Bourbon Street between Iberville down to St. Ann is something else. Not so much an entertainment strip as a rollicking carnival midway designed for tourists to debauch themselves in a kind of ratty Disneyland setting operated by weirdos and hustlers of every description, Bourbon Street is perhaps distinguished only by its several music spots offering a nightly variety of blues, R&B, traditional jazz, and straight-out commercial pop.

In fact, the music starts in the afternoon at a number of these joints and continues until the wee hours of the morning, with plenty of blues to be heard in its many incarnations by great performers like Willie Lockett & the Blues Krewe, Gary Brown & Feelings, Bryan Lee & His Jump Street 5, organist Marc Adams, the Rockin' Jake Band, Ironing Board Sam, J. Monque'D and others.

Walk down Bourbon Street just as things get to jumping and you'll hear music blasting out from the bars and nightspots like nowhere else--everything from Motown hits to Billie Holiday, Duke Ellington to Tina Turner, the latest hits to the oldest of blues and jazz standards.

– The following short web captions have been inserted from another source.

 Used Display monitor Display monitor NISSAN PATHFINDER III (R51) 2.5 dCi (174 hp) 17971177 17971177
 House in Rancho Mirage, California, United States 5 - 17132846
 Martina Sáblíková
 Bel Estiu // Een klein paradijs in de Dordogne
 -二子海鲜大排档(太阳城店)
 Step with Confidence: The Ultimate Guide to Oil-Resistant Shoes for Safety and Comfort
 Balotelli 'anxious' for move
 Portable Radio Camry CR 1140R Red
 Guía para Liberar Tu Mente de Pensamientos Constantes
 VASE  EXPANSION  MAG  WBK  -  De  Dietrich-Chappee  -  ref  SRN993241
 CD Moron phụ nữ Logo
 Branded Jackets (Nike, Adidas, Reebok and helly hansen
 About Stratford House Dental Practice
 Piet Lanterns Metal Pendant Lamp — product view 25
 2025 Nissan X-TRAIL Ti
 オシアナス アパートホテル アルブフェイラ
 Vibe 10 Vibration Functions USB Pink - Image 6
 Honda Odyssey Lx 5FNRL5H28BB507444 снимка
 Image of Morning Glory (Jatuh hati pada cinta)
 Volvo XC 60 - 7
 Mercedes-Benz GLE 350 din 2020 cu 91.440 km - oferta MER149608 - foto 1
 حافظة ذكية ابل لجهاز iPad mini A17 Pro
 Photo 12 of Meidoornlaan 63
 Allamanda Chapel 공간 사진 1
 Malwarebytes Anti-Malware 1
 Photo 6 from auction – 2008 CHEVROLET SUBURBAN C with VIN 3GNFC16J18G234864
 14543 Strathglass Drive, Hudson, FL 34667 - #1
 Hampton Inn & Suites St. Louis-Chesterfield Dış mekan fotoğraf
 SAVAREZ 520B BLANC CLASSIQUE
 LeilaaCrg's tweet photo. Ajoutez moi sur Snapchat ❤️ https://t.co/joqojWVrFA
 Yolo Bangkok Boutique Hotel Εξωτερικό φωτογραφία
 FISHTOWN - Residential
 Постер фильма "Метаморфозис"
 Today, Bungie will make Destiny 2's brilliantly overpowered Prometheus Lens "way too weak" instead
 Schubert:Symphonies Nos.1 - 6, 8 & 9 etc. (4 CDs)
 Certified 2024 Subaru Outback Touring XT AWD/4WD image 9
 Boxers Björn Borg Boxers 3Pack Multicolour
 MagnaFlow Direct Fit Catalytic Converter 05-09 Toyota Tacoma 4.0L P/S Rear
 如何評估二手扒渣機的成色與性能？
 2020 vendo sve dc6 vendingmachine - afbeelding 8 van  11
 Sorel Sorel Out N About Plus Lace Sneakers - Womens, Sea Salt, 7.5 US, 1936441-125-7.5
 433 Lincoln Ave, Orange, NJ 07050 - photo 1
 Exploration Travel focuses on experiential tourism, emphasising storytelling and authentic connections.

The works of blues giants like Freddie King, Smiley Lewis, Albert King, Ray Charles, B.B. King, even Bessie Smith and Lonnie Johnson may be heard all dressed up in contemporary garb and played as if they'd been thought up on the way to the gig.

Milton Batiste & the Magnificent Sevenths have turned their musical attention to this portion of the traditional New Orleans repertoire for their new Mardi Gras Records album, paying their respects to some of the popular blues styles and timeless tunes that have entertained so many people on Bourbon Street--and all over the world--for so many years.

Vocalist Big Al Carson is in the spotlight all the way, leading the Magnificent Sevenths through a 12-course musical feast that features early blues classics like "Nobody Knows You When You're Down and Out" and "St. James Infirmary," and swing-era favorites "Things Ain't What They Used to Be" and "God Bless' the Child". He rocks the Ray Charles hit "I Got a Woman" and rolls Memphis Slim's "Every Day I Have the Blues" in grand fashion.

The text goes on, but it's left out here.